> [INPUT FOR THIS TASK]:
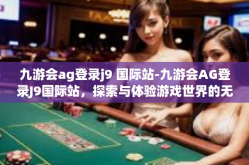 九游会ag登录j9 国际站-九游会AG登录J9国际站，探索与体验游戏世界的无限魅力-九游会ag登录j9 国际站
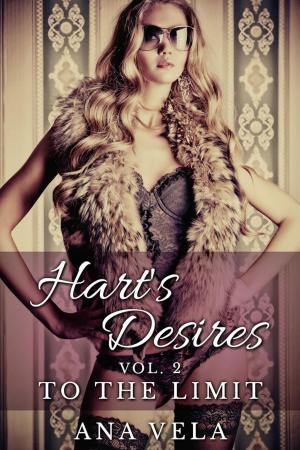 Cover of the book Hart's Desires: Volume Two - To The Limit by Eromance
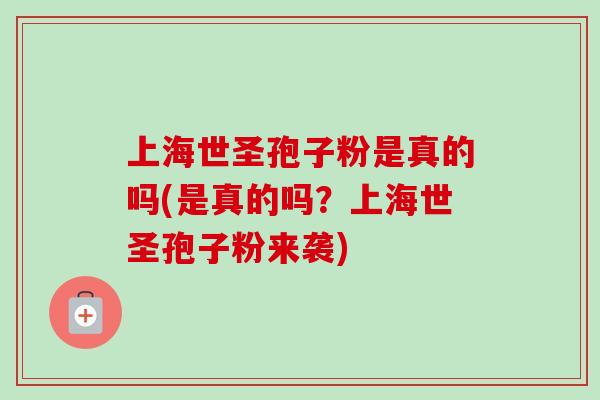 上海世圣孢子粉是真的吗(是真的吗？上海世圣孢子粉来袭)-第1张图片-卓越灵芝孢子粉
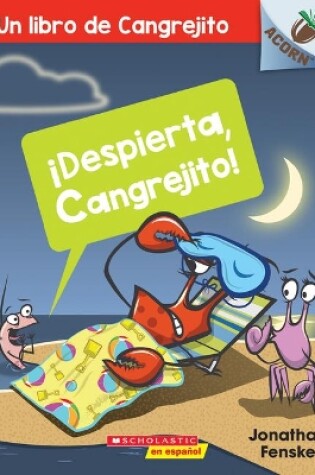 Cover of ¡Despierta, Cangrejito! (Wake Up, Crabby!)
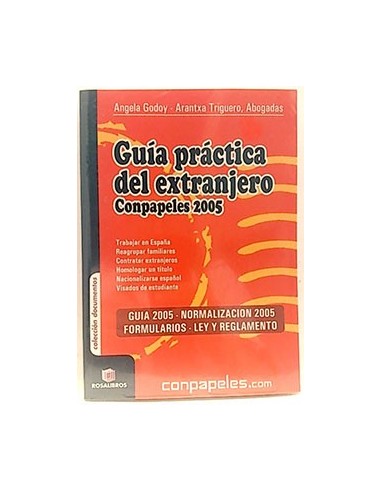 Guía Práctica Del Extranjero Con Papeles, 2005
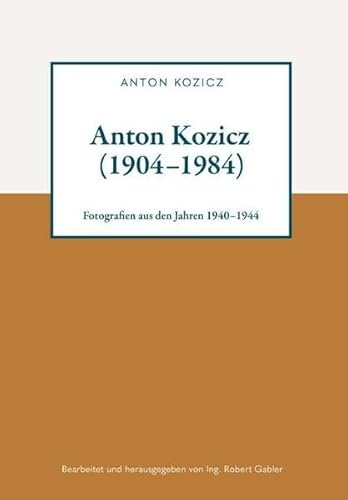 Anton Kozicz (1904–1984): Fotografien aus den Jahren 1940–1944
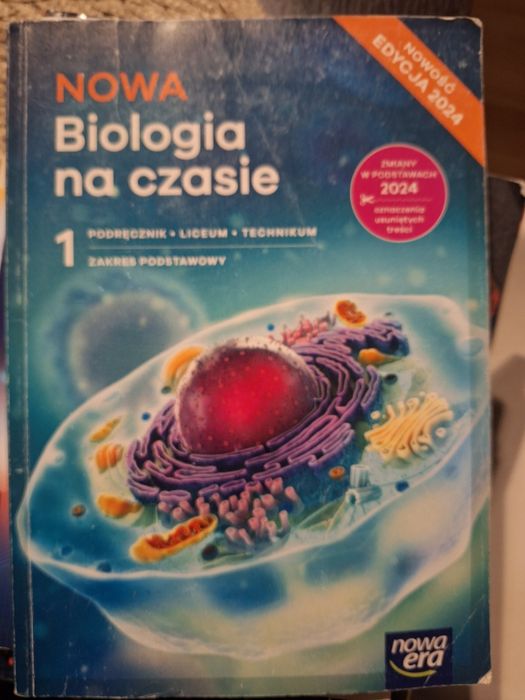 Nowa biologia na czasie, podręcznik dla liceum  I technikum,klasa 1, zakres  podstawowy.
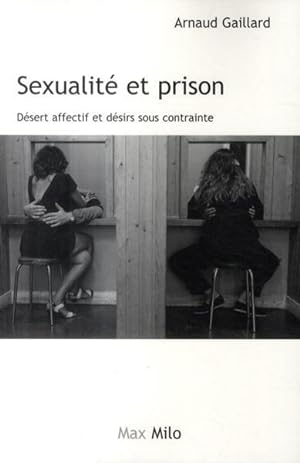 Bild des Verkufers fr Sexualit et prison zum Verkauf von Chapitre.com : livres et presse ancienne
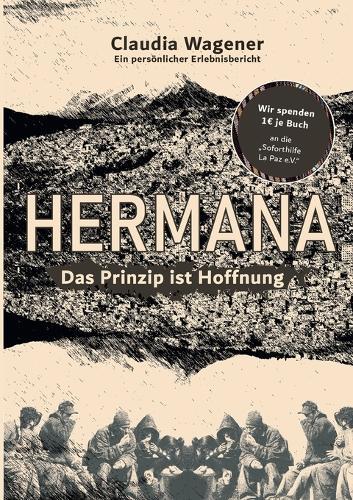 Das Prinzip ist Hoffnung: Hermana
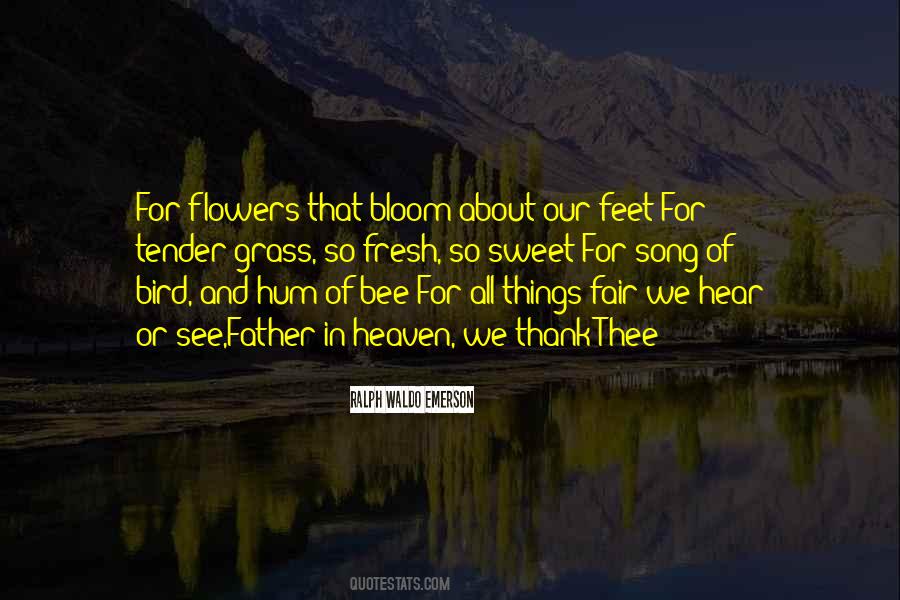 Flowers Will Bloom Quotes #569919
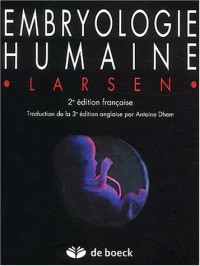Embryologie humaine. 2ème édition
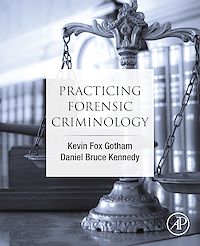 Téléchargez le livre :  Practicing Forensic Criminology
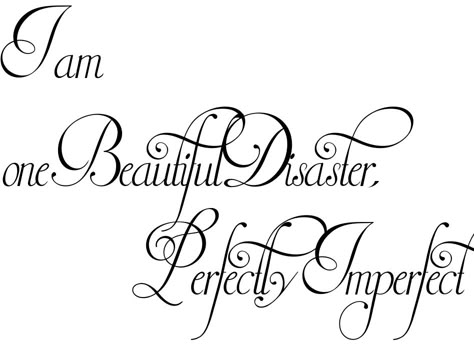 Tattoo Ideas Female Quotes Unique, Feminine Lettering Tattoos, Tattoo Quote Stencils, Perfectly Flawed Tattoo, Perfectly Imperfect Tattoo Ideas Fonts, Perfectly Imperfect Tattoo With Flowers, Let Them Tattoo Different Fonts, Tattoo Sayings Meaningful For Women, Perfectly Imperfect Tattoo Ideas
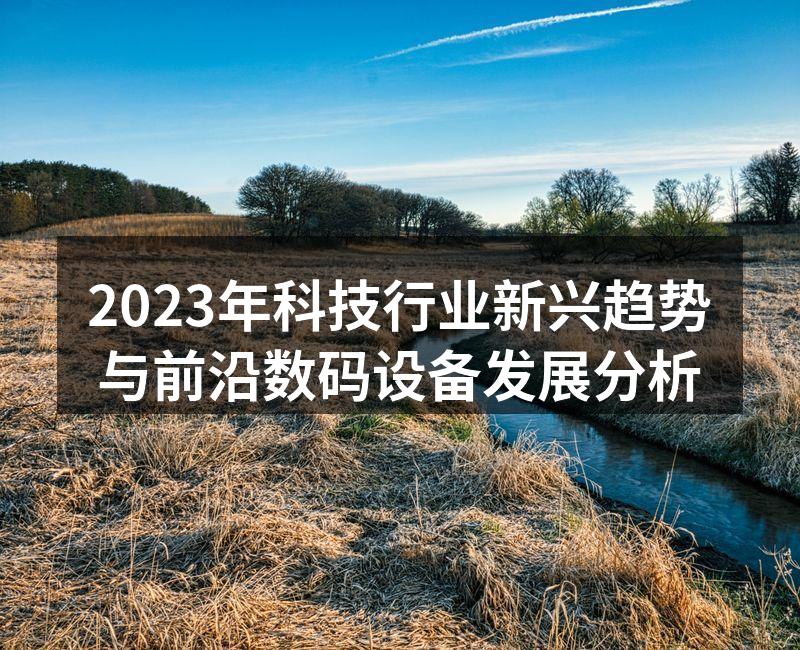 2023年科技行业新兴趋势与前沿数码设备发展分析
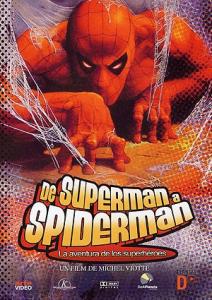  De Superman a Spiderman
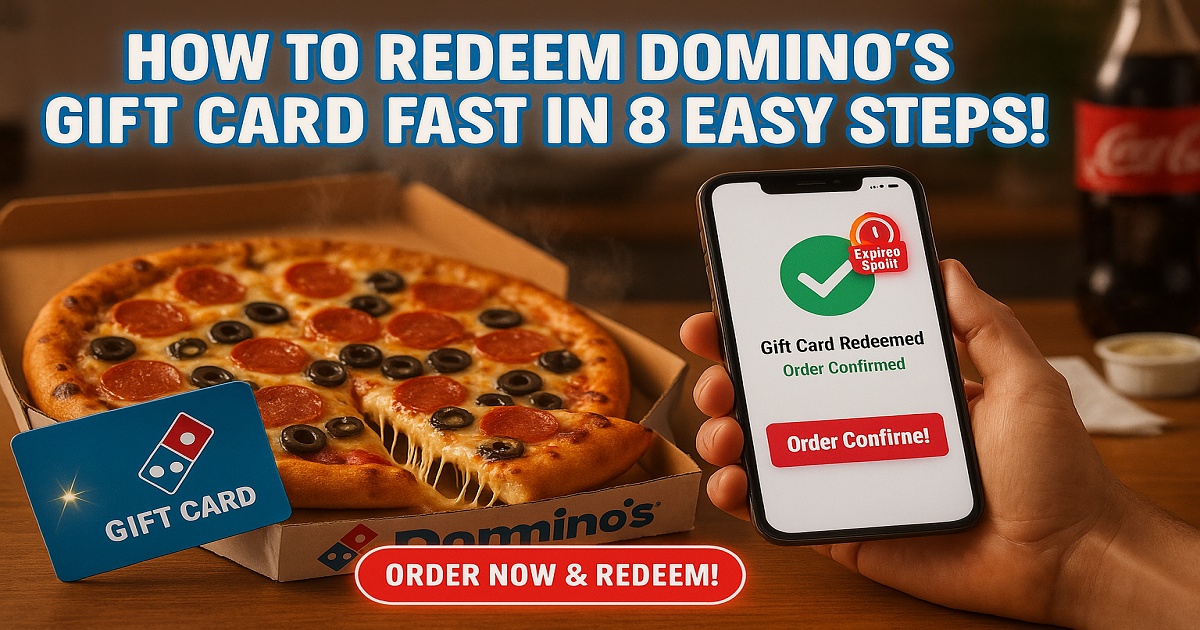 How to Redeem Domino's Gift Card Fast in 8 Easy Steps!.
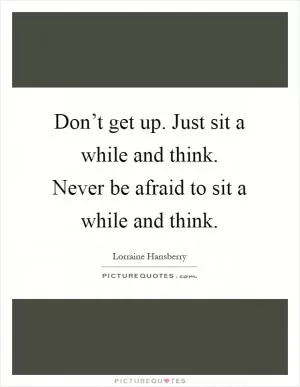 Don’t get up. Just sit a while and think. Never be afraid to sit a while and think Picture Quote #1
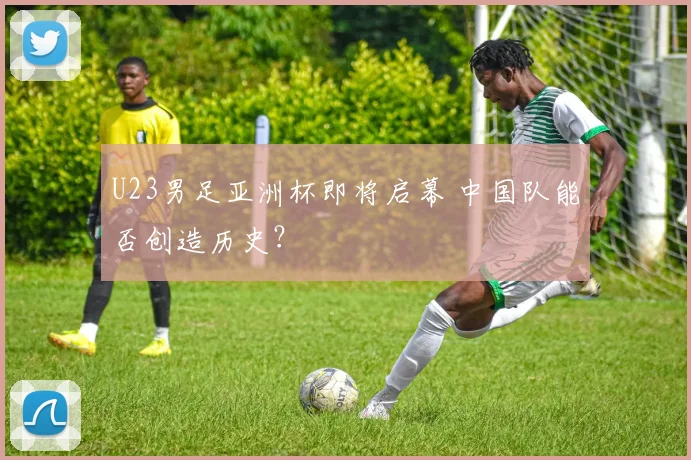 U23男足亚洲杯即将启幕 中国队能否创造历史？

> [GOAL OF THE EXERCISE]:
Write out every line above again exactly, with the pictures left out.

> [EXERCISE ANSWER]:
 九游会ag登录j9 国际站-九游会AG登录J9国际站，探索与体验游戏世界的无限魅力-九游会ag登录j9 国际站
 Cover of the book Hart's Desires: Volume Two - To The Limit by Eromance
 上海世圣孢子粉是真的吗(是真的吗？上海世圣孢子粉来袭)-第1张图片-卓越灵芝孢子粉
 Cover of ¡Despierta, Cangrejito! (Wake Up, Crabby!)
 Guía Práctica Del Extranjero Con Papeles, 2005
 Anton Kozicz (1904–1984): Fotografien aus den Jahren 1940–1944
 Nowa biologia na czasie, podręcznik dla liceum  I technikum,klasa 1, zakres  podstawowy.
 Bild des Verkufers fr Sexualit et prison zum Verkauf von Chapitre.com : livres et presse ancienne
 Das Prinzip ist Hoffnung: Hermana
 Flowers Will Bloom Quotes #569919
Embryologie humaine. 2ème édition
 Téléchargez le livre :  Practicing Forensic Criminology
 Tattoo Ideas Female Quotes Unique, Feminine Lettering Tattoos, Tattoo Quote Stencils, Perfectly Flawed Tattoo, Perfectly Imperfect Tattoo Ideas Fonts, Perfectly Imperfect Tattoo With Flowers, Let Them Tattoo Different Fonts, Tattoo Sayings Meaningful For Women, Perfectly Imperfect Tattoo Ideas
 2023年科技行业新兴趋势与前沿数码设备发展分析
  De Superman a Spiderman
 How to Redeem Domino's Gift Card Fast in 8 Easy Steps!.
 Don’t get up. Just sit a while and think. Never be afraid to sit a while and think Picture Quote #1
 U23男足亚洲杯即将启幕 中国队能否创造历史？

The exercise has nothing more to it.